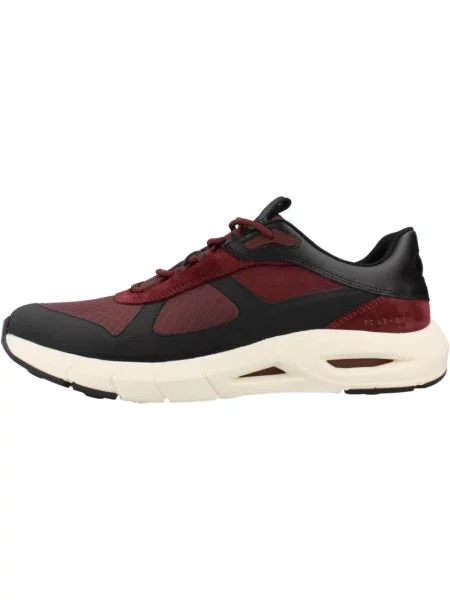 Sneakersy Geox skórzane czerwone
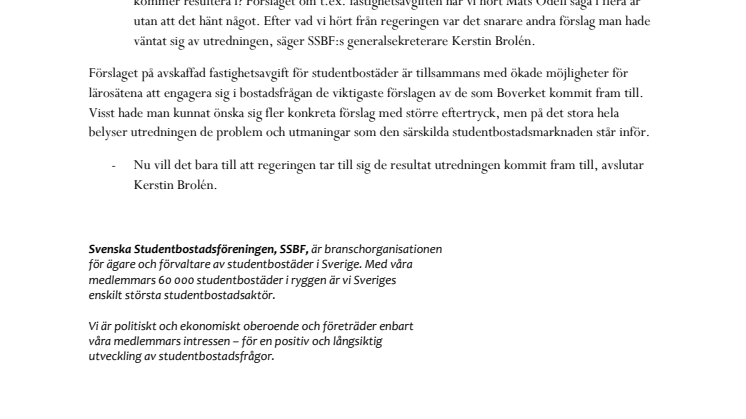 Bra förslag för landets studentbostäder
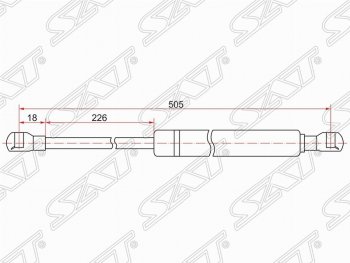 Газовый упор крышки багажника SAT Toyota Prius  XW30 (2009-2011) дорестайлинг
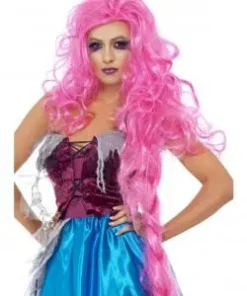 Perruque Rose Gitane Effrayante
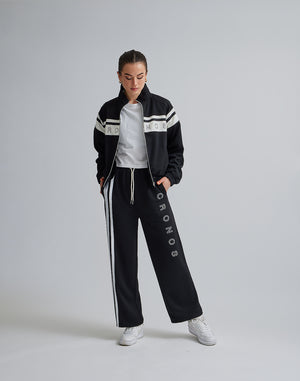 CRONOS WOMEN JERSEY BLOUSON【BLACK】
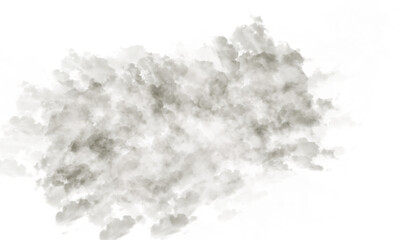 A dense cloud of white smoke billowing against a dark background creating a hazy atmosphere effect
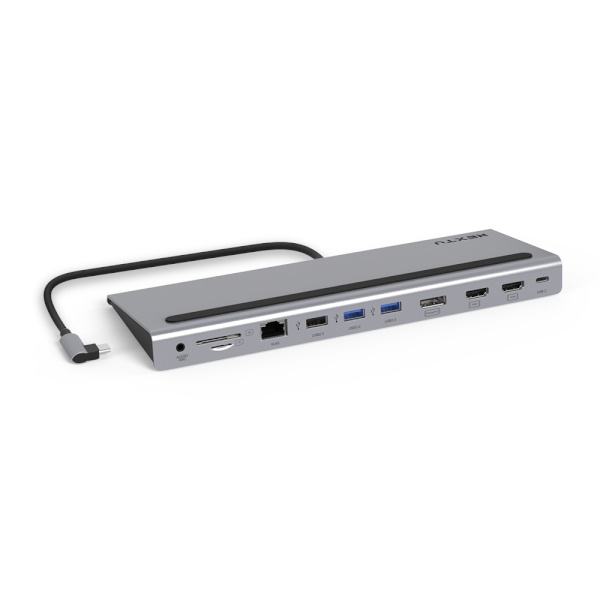 이지넷 NEXT-1102ND-MST (USB허브/도킹스테이션/11포트/멀티포트) ▶ [유·무전원/USB3.0] ◀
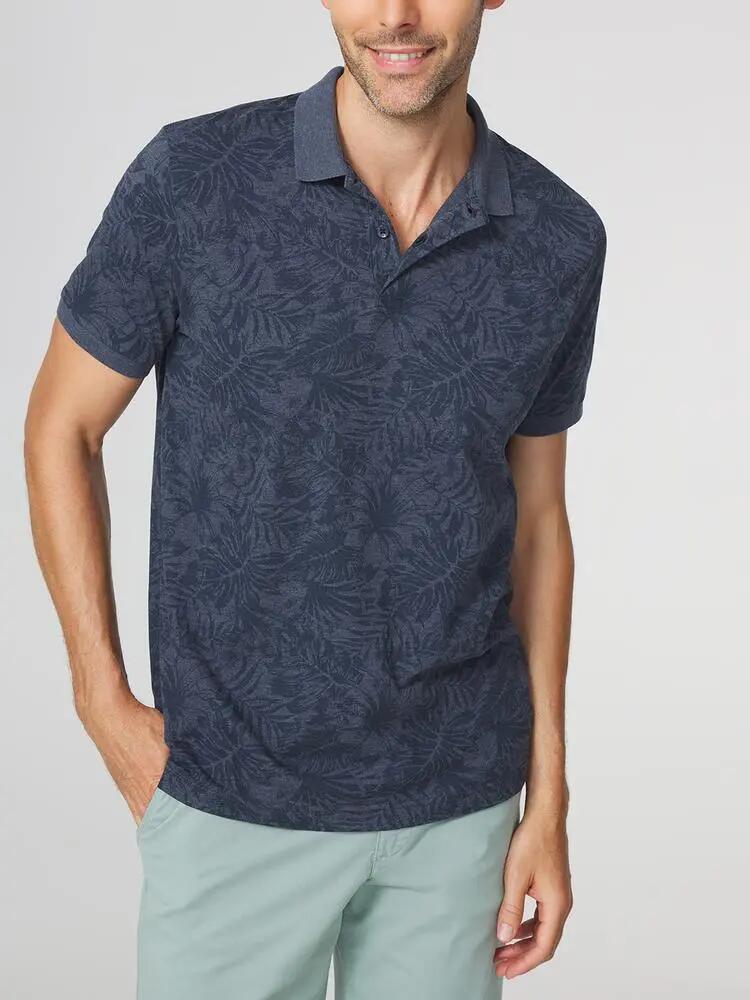 TBS Herren Polo-Shirt Marineblau 2/5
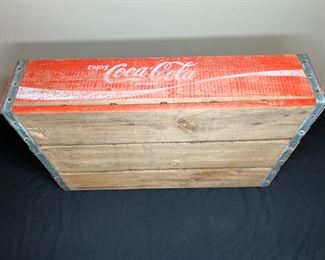 VTG Wooden Coca-Cola 24-Bottle Crate Carrier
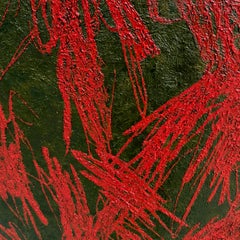 Arte contemporanea bielorussa di Ihar Barkhatkou - Ritratto rosso III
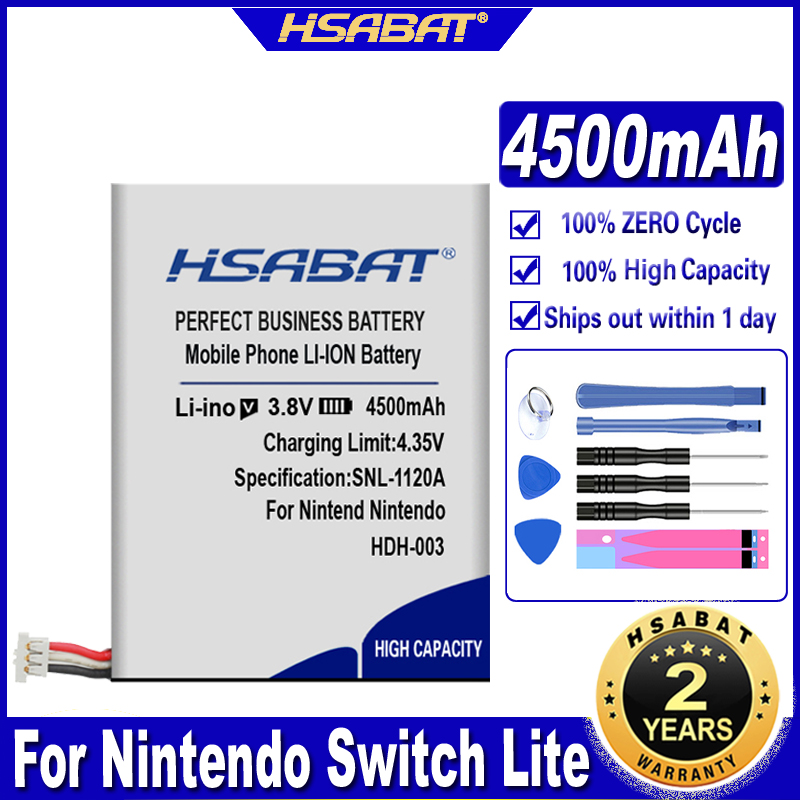 Hsabat HDH-003 4500Mah Batterij Voor Nintendo Schakelaar Lite Game Speler Batterijen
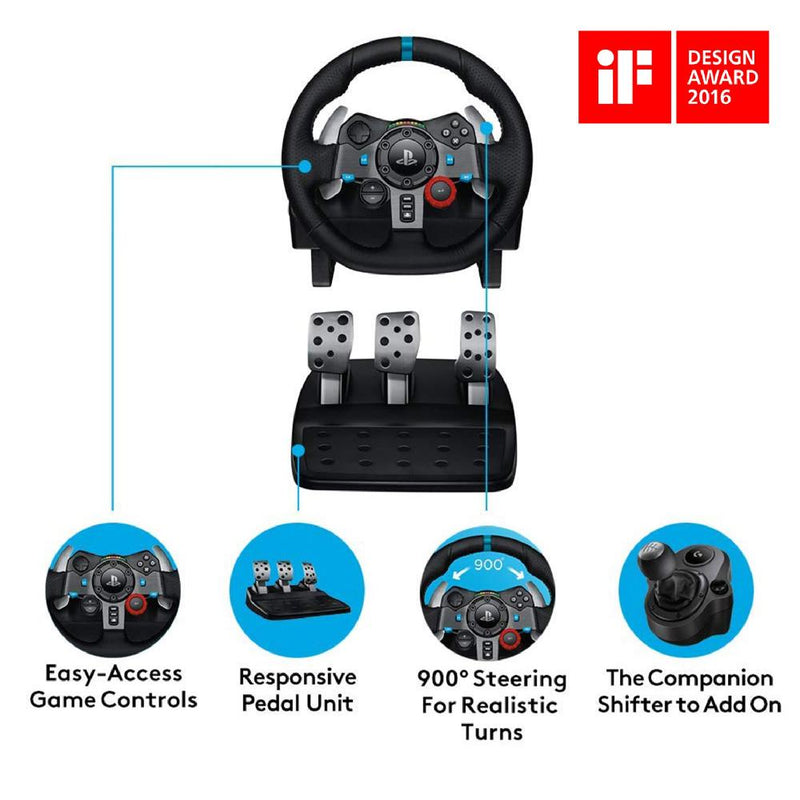 Logitech G Dual-Motor Feedback Driving Force G29 Gaming Racing Wheel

### DIRECTIONS
Set down the line containing "이지넷 NEXT-1102ND-MST (USB허브/도킹스테이션/11포트/멀티포트)" and every line after it up to the end of the material, exactly as written, but not the pictures.

### EXERCISE RESULT
 이지넷 NEXT-1102ND-MST (USB허브/도킹스테이션/11포트/멀티포트) ▶ [유·무전원/USB3.0] ◀
 TBS Herren Polo-Shirt Marineblau 2/5
 VTG Wooden Coca-Cola 24-Bottle Crate Carrier
 Arte contemporanea bielorussa di Ihar Barkhatkou - Ritratto rosso III
 Hsabat HDH-003 4500Mah Batterij Voor Nintendo Schakelaar Lite Game Speler Batterijen
 Logitech G Dual-Motor Feedback Driving Force G29 Gaming Racing Wheel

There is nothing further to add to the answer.